Eugene looked a trifle pained at Bret’s interest in another girl than Dorothy, but he said: “I’m on my way to the theater now to find out where she’s stopping and leave this note for her. I don’t suppose she’ll remember me; but she might.”
 
“Do you mind if I tag after you? I might get a swipe at that actor, too.”
 
“Oh, well, come along.”
 
They marched to the theater, stepping high and hoping higher. The stage door-keeper brought them to ground with the information that the company had left on a midnight train after the performance. He had no idea where they had gone.
 
The two youths, ignorant of the simple means of following theatrical routes, went back to their dismal university with a bland trust that fate would somehow arrange a rencounter for them.
 
Winfield was soon called before the faculty. He had rehearsed a speech written for him by Eugene Vickery.

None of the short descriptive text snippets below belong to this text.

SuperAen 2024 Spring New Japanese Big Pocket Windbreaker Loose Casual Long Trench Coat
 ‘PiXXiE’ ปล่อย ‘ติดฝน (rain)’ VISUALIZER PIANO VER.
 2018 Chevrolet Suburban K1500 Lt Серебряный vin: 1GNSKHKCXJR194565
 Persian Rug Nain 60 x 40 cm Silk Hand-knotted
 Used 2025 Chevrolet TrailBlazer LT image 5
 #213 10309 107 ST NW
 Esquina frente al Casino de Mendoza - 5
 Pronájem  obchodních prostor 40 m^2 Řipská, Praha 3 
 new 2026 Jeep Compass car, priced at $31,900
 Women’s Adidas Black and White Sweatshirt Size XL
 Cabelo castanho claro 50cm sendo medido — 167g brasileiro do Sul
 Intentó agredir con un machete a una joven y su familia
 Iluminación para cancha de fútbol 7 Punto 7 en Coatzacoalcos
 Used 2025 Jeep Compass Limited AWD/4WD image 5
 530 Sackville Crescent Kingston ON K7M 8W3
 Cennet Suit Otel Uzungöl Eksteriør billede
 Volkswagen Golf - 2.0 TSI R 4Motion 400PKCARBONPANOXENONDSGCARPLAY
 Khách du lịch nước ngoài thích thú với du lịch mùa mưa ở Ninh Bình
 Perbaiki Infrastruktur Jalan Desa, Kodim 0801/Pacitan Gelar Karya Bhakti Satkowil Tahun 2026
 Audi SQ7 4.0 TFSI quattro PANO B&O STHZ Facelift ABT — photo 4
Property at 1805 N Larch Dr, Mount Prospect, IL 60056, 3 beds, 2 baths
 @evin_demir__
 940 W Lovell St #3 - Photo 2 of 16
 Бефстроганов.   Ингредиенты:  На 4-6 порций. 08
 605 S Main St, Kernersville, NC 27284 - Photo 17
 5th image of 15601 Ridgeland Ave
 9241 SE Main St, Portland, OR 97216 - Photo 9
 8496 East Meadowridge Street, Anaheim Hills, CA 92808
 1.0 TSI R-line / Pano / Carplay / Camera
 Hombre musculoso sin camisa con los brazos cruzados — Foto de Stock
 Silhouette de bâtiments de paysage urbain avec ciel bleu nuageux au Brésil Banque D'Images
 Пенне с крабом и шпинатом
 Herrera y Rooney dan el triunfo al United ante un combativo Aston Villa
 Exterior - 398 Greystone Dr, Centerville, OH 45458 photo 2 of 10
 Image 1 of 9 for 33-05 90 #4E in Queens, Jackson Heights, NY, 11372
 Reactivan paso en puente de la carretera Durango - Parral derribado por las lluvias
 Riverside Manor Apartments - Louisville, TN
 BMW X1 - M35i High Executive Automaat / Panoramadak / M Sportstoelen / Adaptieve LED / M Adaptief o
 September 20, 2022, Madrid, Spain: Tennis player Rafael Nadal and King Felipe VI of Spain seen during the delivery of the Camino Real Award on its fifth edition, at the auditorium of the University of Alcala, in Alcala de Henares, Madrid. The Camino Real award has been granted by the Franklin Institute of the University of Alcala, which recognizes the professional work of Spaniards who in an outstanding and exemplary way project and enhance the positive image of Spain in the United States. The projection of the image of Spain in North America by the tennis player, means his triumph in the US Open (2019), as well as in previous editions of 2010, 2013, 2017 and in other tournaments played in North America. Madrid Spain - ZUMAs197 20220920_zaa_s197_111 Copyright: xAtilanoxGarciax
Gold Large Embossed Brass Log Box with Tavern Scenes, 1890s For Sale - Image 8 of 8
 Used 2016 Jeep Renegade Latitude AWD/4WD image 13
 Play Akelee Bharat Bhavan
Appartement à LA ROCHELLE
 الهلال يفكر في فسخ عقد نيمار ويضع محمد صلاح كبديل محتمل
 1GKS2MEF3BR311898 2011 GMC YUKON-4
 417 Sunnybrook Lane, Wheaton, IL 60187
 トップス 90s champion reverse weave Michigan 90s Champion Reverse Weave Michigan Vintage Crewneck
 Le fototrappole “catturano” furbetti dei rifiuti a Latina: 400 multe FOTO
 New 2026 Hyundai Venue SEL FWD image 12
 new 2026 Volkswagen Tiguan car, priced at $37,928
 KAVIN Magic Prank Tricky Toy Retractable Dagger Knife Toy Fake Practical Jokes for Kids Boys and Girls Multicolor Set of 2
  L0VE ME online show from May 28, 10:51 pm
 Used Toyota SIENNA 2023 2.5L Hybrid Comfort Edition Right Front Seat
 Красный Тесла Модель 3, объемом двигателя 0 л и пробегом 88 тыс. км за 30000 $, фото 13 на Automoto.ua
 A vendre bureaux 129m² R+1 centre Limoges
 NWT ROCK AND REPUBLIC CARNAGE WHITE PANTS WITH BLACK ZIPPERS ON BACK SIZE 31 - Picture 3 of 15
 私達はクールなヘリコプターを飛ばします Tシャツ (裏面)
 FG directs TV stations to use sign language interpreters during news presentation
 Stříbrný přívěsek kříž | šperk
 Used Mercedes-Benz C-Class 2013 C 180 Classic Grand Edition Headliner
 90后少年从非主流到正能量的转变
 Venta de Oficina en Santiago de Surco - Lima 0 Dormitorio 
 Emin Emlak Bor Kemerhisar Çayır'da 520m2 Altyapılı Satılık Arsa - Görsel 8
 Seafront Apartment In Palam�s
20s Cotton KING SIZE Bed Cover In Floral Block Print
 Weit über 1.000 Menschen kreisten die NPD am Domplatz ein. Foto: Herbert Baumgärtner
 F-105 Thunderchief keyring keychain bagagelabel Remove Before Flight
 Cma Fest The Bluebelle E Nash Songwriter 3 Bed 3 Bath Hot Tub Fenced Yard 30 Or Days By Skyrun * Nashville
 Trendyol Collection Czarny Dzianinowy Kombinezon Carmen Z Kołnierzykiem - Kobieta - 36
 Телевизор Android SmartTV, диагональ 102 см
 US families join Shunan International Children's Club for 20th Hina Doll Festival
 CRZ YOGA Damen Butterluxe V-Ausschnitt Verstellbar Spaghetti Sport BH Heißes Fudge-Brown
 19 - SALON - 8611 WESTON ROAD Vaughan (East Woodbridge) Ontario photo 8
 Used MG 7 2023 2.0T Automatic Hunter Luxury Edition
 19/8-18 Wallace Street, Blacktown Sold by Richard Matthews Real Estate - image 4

He forgot most of it and ruined its eloquence by his mumbling delivery.
 
The faculty had dealt harshly with the Freshmen, several of whom it had sent home to the mercy of their fathers. But Winfield’s explanation was accepted. In the first place, he was a Senior and not likely to have stooped to the atrocity of abetting a Freshman enterprise. In the second place, he would be needed in the next rowing-contest at New London. In the third place, his millionaire father was trembling on the verge of donating to the university a second liberal endowment.
 
Winfield and Vickery returned to their daily chores and put in camphor their various ambitions. Winfield endured the multitudinous jests of the university on his record-breaking backward dive across the footlights, but he made it his business to find out the name of the actor who brought him his ignominy. In time he learned it and enshrined “Floyd Eldon” and “Sheila Kemble” in prominent niches for future attention. Somehow his loneliness for Dorothy seemed less poignant than before.
 
Eugene Vickery could have been seen at almost any hour, lying on his stomach and changing an improbable novel into an impossible play.